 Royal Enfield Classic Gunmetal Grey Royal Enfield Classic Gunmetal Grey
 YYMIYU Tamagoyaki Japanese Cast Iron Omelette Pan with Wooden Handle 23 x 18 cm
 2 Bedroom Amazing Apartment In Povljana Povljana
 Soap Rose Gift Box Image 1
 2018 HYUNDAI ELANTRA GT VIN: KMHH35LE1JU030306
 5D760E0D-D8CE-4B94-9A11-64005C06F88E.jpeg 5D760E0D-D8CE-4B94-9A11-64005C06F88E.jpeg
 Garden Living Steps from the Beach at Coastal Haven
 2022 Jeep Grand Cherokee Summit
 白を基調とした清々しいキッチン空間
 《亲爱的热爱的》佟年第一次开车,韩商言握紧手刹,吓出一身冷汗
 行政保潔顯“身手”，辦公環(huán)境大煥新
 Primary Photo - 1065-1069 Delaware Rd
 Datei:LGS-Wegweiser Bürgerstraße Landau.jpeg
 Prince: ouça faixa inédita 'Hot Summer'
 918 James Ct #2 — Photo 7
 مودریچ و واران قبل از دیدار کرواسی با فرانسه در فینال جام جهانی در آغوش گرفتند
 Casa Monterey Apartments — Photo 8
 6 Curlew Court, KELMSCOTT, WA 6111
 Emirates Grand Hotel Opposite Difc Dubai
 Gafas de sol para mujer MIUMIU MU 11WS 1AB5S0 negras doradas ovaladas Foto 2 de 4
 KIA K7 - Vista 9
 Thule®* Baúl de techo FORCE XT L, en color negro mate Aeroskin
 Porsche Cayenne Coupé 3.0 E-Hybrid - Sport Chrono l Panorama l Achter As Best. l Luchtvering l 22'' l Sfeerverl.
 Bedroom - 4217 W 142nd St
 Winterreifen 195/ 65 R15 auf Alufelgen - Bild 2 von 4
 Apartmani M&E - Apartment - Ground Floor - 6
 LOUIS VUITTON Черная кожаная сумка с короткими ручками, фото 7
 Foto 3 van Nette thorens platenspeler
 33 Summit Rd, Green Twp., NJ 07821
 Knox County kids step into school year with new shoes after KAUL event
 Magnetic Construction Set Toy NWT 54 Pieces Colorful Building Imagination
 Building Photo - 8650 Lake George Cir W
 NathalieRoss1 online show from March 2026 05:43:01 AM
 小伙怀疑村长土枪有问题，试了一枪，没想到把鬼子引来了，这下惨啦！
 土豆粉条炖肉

• PROBLEM TO SOLVE: If a line in the data holds the string "Grand", copy that line.

• RESPONSE BELOW:
 2022 Jeep Grand Cherokee Summit
 Emirates Grand Hotel Opposite Difc Dubai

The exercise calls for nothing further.